Cuts Through Bone
by Alaric Hunt
A 2013 hardcover release from
Minotaur Books. 308 pages
Littered with jargon and slang some of which is pretty obscure, the book sucked me in from the first page because its principal characters are so different and so appealing. Clayton Guthrie is a little detective. We know that because the writer refers to him exceedingly frequently as the little detective. Yet, before the tale is told, he casts a long shadow, based on his years of experience, his basic humanity, and his understanding of the ways of the unseen world. He hires a young Latina who is looking for a better path in life. Fresh from high school, possessor of a quick analytical mind and great good looks, Raquel Vasquez at first finds routine surveillance boring and the pay isn’t much. Then comes a meaty case.
Afghan veteran Greg Olsen has been jailed for murdering his fiancé, wealthy Columbia University student and heiress to a publishing fortune. New York police have enough evidence to go to trial so they aren’t looking for alternative possibilities.
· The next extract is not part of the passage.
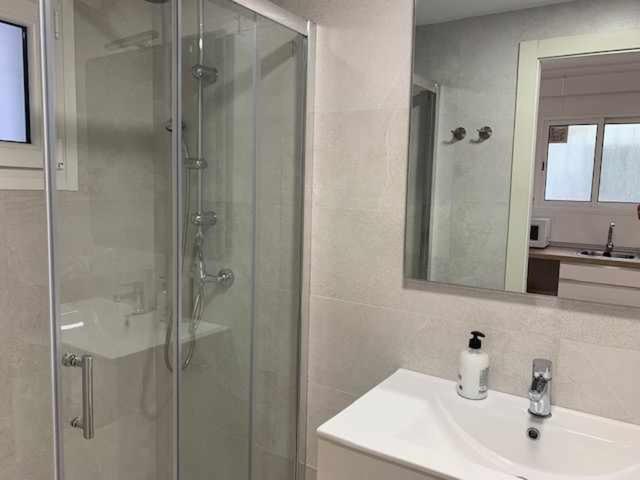 De Un Solo Ambiente Con Terraza Y Piscina Y Apartment *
Guthrie thinks Olsen is probably innocent and we’re off and running, because he knows he has to find the real killer, not just open questions about the validity of the case against the veteran
A large portion of the novel involves the clever use of the denizens of the big city who exist in the unwashed armpits and smelly crotches of New York. The language feels gritty and authentic, even though sometimes hard to follow. The plot makes sense, the characters, as written, belong in their scenes and act logically. Everything works. It will be interesting to watch this author’s development from this raw state to succeeding stages.